> _Exercise_
The entries below contain a stretch that opens with the line containing "Shein Zapatos Mueller" and closes with the line containing "Fiery Red Valentines"; set down that stretch exactly, both ends included, and nothing else.

(Stored entries)
:::

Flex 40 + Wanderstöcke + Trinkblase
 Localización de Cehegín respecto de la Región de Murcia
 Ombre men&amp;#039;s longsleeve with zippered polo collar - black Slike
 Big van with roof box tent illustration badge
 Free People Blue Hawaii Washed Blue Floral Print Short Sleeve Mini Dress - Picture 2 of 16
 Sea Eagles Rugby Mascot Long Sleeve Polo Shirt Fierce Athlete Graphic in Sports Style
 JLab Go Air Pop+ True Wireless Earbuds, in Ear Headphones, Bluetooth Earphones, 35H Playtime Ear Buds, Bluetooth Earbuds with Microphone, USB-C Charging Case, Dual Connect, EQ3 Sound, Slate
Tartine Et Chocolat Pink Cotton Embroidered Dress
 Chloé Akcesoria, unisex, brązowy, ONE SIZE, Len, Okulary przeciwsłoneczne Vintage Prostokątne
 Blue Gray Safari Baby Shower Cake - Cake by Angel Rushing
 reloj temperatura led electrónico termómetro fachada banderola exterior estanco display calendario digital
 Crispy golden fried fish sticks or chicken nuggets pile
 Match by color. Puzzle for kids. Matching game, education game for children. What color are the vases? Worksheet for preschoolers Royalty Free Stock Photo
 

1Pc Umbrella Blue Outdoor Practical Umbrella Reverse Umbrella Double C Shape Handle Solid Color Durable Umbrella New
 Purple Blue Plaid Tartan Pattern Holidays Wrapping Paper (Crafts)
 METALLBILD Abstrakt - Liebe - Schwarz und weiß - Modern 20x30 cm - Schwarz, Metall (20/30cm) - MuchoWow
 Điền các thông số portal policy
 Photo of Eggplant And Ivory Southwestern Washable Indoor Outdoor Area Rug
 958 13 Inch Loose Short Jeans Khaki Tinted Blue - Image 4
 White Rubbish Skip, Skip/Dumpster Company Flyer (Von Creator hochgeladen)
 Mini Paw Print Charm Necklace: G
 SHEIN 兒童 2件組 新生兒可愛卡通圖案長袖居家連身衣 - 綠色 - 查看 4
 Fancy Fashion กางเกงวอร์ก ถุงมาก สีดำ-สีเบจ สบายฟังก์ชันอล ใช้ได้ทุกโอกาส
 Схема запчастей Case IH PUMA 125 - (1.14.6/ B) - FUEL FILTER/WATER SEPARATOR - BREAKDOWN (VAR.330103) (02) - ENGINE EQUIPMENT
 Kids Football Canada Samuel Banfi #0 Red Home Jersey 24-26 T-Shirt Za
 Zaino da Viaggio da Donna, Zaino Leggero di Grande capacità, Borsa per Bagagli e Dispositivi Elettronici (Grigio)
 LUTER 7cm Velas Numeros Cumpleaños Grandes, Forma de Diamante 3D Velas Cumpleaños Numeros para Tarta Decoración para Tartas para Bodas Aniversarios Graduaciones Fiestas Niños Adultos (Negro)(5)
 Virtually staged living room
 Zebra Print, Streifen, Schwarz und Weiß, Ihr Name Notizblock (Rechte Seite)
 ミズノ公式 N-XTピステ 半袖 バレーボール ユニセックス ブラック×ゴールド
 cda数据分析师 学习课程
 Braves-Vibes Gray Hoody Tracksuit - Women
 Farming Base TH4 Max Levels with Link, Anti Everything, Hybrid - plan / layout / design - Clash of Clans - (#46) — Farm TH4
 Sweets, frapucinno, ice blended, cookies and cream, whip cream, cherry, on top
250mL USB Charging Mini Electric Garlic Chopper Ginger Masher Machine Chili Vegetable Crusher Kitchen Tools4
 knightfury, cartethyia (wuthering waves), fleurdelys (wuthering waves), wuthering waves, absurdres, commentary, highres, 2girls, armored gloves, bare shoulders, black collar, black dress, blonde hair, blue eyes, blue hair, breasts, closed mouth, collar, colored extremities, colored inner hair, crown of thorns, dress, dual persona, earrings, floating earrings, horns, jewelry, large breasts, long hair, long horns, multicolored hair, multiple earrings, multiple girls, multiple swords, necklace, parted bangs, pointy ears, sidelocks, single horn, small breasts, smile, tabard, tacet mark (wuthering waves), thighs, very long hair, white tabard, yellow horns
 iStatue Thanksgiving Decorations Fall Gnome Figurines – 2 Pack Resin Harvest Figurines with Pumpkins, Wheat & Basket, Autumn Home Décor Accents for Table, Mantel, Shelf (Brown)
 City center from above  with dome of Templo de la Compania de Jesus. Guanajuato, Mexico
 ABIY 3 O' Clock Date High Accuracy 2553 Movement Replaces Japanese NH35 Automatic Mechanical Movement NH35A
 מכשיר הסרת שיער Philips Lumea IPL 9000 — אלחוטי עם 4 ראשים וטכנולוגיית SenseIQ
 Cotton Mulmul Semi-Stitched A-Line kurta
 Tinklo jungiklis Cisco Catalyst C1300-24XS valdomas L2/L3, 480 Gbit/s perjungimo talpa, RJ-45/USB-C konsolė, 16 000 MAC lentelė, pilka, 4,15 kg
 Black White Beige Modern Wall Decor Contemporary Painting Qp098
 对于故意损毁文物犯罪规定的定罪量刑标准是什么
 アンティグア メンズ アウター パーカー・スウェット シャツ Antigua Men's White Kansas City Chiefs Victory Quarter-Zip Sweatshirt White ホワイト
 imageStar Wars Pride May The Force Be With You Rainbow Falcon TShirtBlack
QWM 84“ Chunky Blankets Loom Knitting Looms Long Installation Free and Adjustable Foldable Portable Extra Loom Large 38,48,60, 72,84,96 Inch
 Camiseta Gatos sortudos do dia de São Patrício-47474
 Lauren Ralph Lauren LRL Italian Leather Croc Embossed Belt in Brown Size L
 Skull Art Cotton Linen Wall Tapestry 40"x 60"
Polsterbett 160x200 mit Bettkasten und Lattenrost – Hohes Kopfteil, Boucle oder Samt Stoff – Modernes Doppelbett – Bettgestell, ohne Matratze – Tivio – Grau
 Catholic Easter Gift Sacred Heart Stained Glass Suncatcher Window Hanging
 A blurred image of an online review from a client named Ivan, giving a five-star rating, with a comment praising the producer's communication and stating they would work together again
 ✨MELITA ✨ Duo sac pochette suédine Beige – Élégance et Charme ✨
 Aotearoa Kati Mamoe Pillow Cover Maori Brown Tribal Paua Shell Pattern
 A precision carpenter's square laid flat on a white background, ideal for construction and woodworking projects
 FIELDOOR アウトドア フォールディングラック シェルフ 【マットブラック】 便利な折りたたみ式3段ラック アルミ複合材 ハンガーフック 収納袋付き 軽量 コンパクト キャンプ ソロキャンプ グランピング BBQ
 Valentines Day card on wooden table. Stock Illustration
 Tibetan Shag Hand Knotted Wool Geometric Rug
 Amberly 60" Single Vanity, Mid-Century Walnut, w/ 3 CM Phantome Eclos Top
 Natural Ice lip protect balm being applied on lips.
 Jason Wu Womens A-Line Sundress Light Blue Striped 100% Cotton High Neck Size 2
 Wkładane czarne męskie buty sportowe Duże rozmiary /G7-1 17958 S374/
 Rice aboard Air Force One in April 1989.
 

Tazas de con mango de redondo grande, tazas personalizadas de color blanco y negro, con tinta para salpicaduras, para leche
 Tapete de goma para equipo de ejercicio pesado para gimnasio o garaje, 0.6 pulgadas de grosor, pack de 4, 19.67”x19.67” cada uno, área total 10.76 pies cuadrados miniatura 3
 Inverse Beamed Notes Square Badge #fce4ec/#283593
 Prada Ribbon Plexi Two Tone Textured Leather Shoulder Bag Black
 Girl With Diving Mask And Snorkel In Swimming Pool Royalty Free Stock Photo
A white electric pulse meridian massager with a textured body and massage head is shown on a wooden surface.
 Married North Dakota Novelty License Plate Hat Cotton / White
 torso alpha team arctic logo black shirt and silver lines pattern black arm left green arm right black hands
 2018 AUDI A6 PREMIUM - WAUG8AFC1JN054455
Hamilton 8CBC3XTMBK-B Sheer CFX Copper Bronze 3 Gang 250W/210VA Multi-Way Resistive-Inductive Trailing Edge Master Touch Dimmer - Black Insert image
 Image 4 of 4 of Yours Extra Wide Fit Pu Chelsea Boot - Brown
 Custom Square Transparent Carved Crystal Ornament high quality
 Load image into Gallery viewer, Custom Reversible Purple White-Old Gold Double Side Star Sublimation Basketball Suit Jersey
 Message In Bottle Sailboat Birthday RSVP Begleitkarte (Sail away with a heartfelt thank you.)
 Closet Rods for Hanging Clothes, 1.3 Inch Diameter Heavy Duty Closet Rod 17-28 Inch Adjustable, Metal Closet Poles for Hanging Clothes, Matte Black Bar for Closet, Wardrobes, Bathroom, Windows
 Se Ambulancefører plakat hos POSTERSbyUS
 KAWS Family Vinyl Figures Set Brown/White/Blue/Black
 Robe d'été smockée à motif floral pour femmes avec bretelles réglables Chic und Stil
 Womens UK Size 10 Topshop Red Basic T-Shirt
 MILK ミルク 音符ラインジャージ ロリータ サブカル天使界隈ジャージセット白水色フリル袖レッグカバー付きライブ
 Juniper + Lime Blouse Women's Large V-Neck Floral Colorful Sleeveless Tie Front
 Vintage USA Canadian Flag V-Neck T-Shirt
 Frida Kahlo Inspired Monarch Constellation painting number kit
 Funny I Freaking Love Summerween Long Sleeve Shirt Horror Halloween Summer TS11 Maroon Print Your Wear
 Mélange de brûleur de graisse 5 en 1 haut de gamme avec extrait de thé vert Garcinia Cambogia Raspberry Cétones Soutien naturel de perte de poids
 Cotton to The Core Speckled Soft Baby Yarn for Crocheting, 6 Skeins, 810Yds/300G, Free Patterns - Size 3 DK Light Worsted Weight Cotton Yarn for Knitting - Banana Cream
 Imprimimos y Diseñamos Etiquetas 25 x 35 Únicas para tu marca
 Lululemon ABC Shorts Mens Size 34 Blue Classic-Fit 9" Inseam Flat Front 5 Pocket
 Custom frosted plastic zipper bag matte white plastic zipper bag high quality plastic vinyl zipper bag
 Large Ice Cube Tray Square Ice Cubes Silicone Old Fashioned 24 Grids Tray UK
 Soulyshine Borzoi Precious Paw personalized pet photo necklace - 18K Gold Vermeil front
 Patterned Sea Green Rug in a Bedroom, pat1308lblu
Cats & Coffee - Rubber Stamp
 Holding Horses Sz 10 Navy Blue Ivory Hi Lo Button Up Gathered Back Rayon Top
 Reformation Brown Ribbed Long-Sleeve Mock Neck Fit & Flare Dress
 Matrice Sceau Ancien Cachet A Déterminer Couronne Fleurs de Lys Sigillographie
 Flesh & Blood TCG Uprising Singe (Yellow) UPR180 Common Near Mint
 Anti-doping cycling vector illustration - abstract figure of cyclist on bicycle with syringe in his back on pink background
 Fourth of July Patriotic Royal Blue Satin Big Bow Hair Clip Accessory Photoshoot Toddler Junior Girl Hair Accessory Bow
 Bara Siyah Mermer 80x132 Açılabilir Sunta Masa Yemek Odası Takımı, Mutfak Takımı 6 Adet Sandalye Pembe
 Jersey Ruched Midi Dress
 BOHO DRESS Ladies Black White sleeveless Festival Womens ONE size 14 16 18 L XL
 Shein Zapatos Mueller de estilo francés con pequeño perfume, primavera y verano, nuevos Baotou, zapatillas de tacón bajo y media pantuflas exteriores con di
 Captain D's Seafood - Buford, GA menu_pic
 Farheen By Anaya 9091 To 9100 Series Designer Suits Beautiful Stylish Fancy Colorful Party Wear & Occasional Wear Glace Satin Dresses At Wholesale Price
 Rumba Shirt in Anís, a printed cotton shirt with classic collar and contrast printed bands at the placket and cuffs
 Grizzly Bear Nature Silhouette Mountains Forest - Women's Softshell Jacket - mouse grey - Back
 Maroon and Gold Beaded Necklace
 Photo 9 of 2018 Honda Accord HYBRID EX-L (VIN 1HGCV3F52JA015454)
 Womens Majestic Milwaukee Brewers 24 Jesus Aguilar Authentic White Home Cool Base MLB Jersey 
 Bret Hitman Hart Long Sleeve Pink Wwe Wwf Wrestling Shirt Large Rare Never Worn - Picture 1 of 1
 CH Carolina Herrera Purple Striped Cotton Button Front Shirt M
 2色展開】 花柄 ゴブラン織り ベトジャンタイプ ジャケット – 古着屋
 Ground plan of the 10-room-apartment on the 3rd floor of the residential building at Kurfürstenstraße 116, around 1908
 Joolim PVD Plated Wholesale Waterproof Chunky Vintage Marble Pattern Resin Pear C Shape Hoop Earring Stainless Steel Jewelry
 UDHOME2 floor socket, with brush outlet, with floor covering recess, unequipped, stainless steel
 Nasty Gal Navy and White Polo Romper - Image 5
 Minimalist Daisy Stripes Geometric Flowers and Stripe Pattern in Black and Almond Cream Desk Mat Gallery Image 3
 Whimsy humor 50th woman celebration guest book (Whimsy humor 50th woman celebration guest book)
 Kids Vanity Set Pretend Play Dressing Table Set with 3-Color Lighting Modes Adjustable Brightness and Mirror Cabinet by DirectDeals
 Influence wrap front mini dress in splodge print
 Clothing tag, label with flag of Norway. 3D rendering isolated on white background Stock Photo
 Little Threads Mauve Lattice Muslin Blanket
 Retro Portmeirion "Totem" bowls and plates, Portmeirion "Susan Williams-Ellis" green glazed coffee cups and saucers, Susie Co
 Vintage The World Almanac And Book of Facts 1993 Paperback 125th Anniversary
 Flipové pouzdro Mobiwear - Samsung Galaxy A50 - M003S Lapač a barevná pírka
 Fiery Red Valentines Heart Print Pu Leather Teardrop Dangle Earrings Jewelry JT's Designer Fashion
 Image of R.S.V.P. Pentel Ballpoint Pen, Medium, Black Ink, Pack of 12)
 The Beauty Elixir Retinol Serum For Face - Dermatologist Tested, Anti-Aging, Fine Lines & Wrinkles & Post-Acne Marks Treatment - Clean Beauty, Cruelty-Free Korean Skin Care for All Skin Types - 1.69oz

:::

> _Solution for this exercise_
 Shein Zapatos Mueller de estilo francés con pequeño perfume, primavera y verano, nuevos Baotou, zapatillas de tacón bajo y media pantuflas exteriores con di
 Captain D's Seafood - Buford, GA menu_pic
 Farheen By Anaya 9091 To 9100 Series Designer Suits Beautiful Stylish Fancy Colorful Party Wear & Occasional Wear Glace Satin Dresses At Wholesale Price
 Rumba Shirt in Anís, a printed cotton shirt with classic collar and contrast printed bands at the placket and cuffs
 Grizzly Bear Nature Silhouette Mountains Forest - Women's Softshell Jacket - mouse grey - Back
 Maroon and Gold Beaded Necklace
 Photo 9 of 2018 Honda Accord HYBRID EX-L (VIN 1HGCV3F52JA015454)
 Womens Majestic Milwaukee Brewers 24 Jesus Aguilar Authentic White Home Cool Base MLB Jersey 
 Bret Hitman Hart Long Sleeve Pink Wwe Wwf Wrestling Shirt Large Rare Never Worn - Picture 1 of 1
 CH Carolina Herrera Purple Striped Cotton Button Front Shirt M
 2色展開】 花柄 ゴブラン織り ベトジャンタイプ ジャケット – 古着屋
 Ground plan of the 10-room-apartment on the 3rd floor of the residential building at Kurfürstenstraße 116, around 1908
 Joolim PVD Plated Wholesale Waterproof Chunky Vintage Marble Pattern Resin Pear C Shape Hoop Earring Stainless Steel Jewelry
 UDHOME2 floor socket, with brush outlet, with floor covering recess, unequipped, stainless steel
 Nasty Gal Navy and White Polo Romper - Image 5
 Minimalist Daisy Stripes Geometric Flowers and Stripe Pattern in Black and Almond Cream Desk Mat Gallery Image 3
 Whimsy humor 50th woman celebration guest book (Whimsy humor 50th woman celebration guest book)
 Kids Vanity Set Pretend Play Dressing Table Set with 3-Color Lighting Modes Adjustable Brightness and Mirror Cabinet by DirectDeals
 Influence wrap front mini dress in splodge print
 Clothing tag, label with flag of Norway. 3D rendering isolated on white background Stock Photo
 Little Threads Mauve Lattice Muslin Blanket
 Retro Portmeirion "Totem" bowls and plates, Portmeirion "Susan Williams-Ellis" green glazed coffee cups and saucers, Susie Co
 Vintage The World Almanac And Book of Facts 1993 Paperback 125th Anniversary
 Flipové pouzdro Mobiwear - Samsung Galaxy A50 - M003S Lapač a barevná pírka
 Fiery Red Valentines Heart Print Pu Leather Teardrop Dangle Earrings Jewelry JT's Designer Fashion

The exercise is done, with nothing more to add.